AMDMIGraphX icon indicating copy to clipboard operation
AMDMIGraphX copied to clipboard

Implement flash decoding

Open pfultz2 opened this issue 3 months ago • 2 comments

Implement flash decoding as described here: https://pytorch.org/blog/flash-decoding/

We have attention operators grouped like this:

Q -> [B, M, k]
K -> [B, k, N]
V -> [B, N, D]

S = dot(Q, K)
P = softmax(S)
O = dot(P, V) # [B, M, D]

To do flash decoding we will need to add another batch dimension for each group we want to split, and then do:

Q -> [B, G, M, k] # G is a broadcasted dimension
K -> [B, G, k, N/G]
V -> [B, G, N/G, D]

# first kernel
S = dot(Q, K)
P = softmax(S, axis=-1)
L = LSE(S) # [B, G, M, 1]
O' = dot(P, V) # [B, G, M, D]

# second kernel
scale = softmax(L, axis=1) # [B, G, M, 1]
R = mul(O', broadcast(scale)) # [B, G, M, D]
O = sum(R, axis=1) # [B, 1, M, D]

We will probably do this directly in the fuse_attention pass after we have done the initial attention grouping.
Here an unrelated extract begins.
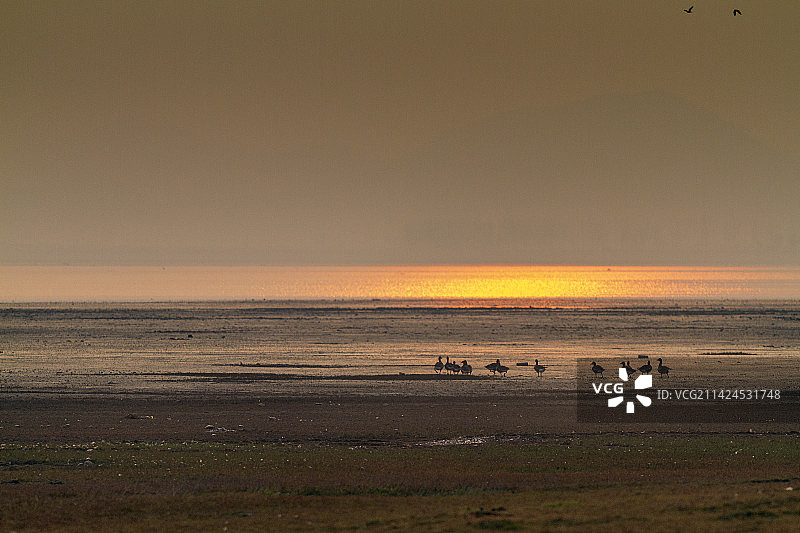 升金湖的鸟图片素材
pfultz2 avatar Sep 29 '25 17:09 pfultz2

Also, another reference we used when we were discussing the flash decoding: https://arxiv.org/pdf/2402.05099

pfultz2 avatar Sep 29 '25 17:09 pfultz2

rocMLIR experiments for good G sizes: rocMLIR#1895

bdevorem avatar Oct 09 '25 16:10 bdevorem